ABOUT THIS EXERCISE -
Leaving out all pictures, reproduce the entries below exactly, from the first line through the line that contains "brand new shoes Nike Air Max 270".

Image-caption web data
▼
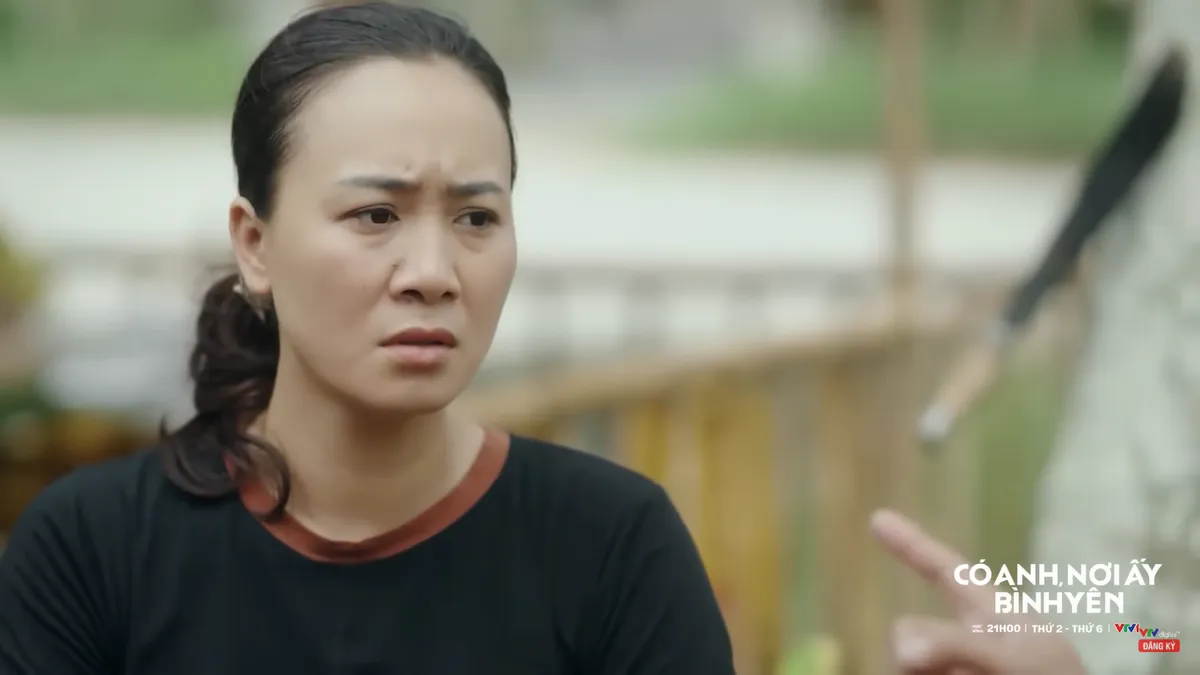 C&oacute; anh, nơi ấy b&igrave;nh y&ecirc;n - Tập 13: &Ocirc;ng Thứ chỉ đạo ch&aacute;u trai kh&ocirc;ng được "tay nhanh hơn n&atilde;o"- Ảnh 3.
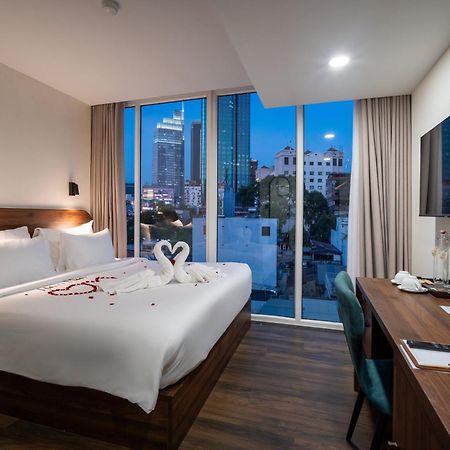 Hato Saigon Boutique Hotel & Rooftop Хошимин Екстериор снимка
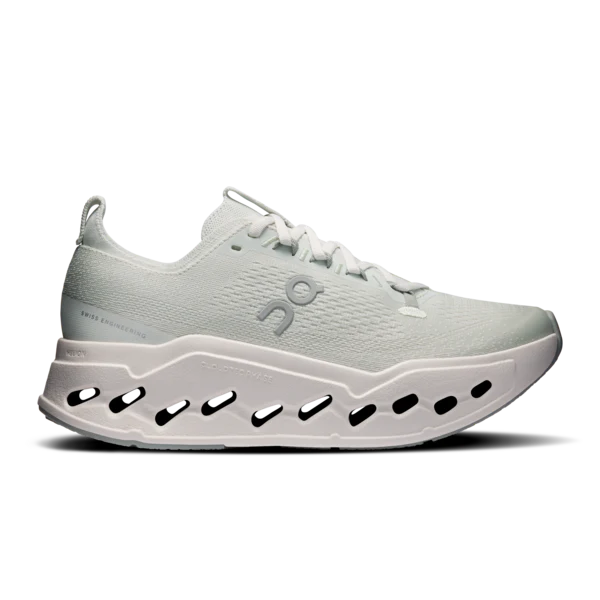 On Women's Cloudsurfer Max Iceberg Ivory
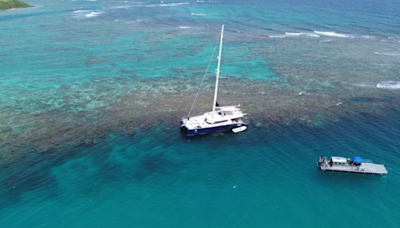 Guardia Costera supervisa remoción de combustible de un velero varado en Culebra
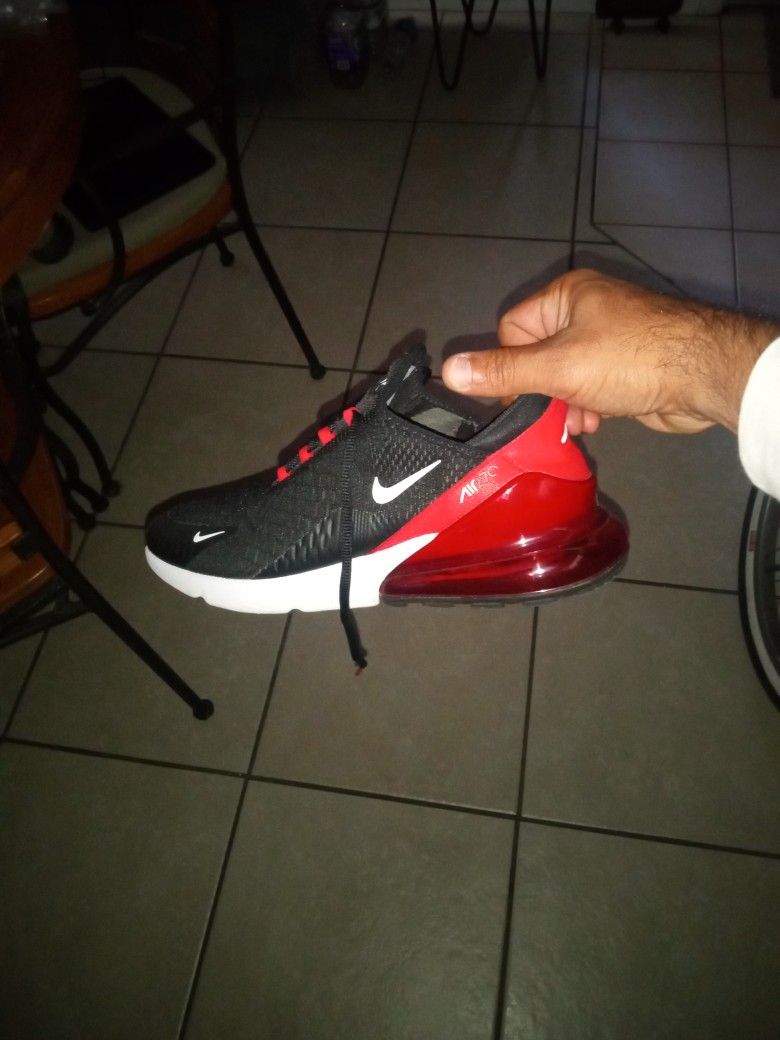 brand new shoes Nike Air Max 270
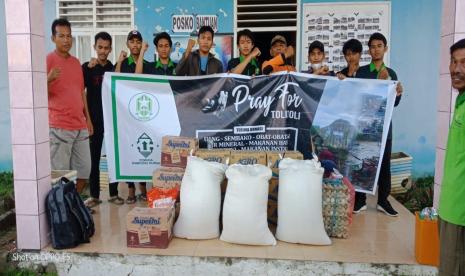 Pengurus Daerah (PD) Pemuda Hidayatullah Tolitoli, Sulawesi Tengah, bekerja sama SAR Hidayatullah dan Pemuda Kampung Hijrah menyalurkan bantuan logistik untuk warga penyintas banjir Galumpang dan Lingadan, Kamis  (31/3).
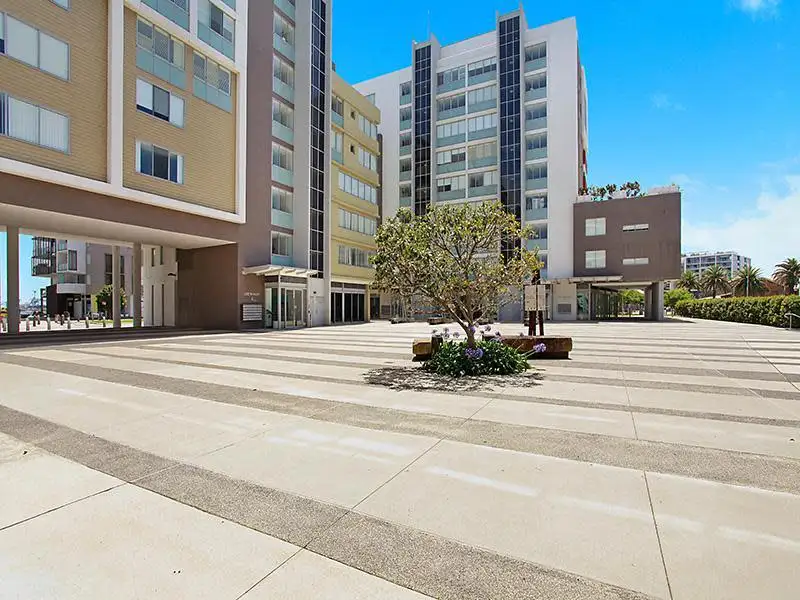 Main view of Homely unit listing, 505/4 Honeysuckle Drive, Newcastle NSW 2300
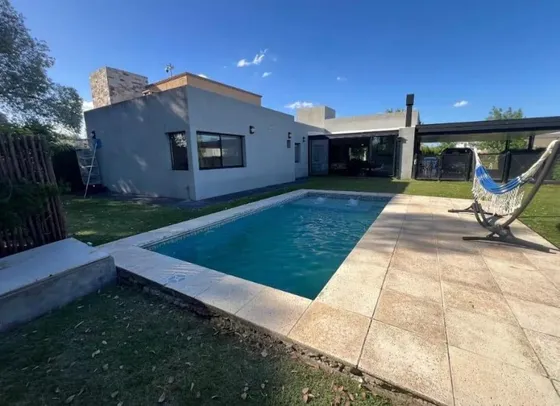 Casa Venta 4 Ambientes Con Doble Lote San Alfonso Pilar Del Este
▲
EXERCISE ANSWER -
 C&oacute; anh, nơi ấy b&igrave;nh y&ecirc;n - Tập 13: &Ocirc;ng Thứ chỉ đạo ch&aacute;u trai kh&ocirc;ng được "tay nhanh hơn n&atilde;o"- Ảnh 3.
 Hato Saigon Boutique Hotel & Rooftop Хошимин Екстериор снимка
 On Women's Cloudsurfer Max Iceberg Ivory
 Guardia Costera supervisa remoción de combustible de un velero varado en Culebra
 brand new shoes Nike Air Max 270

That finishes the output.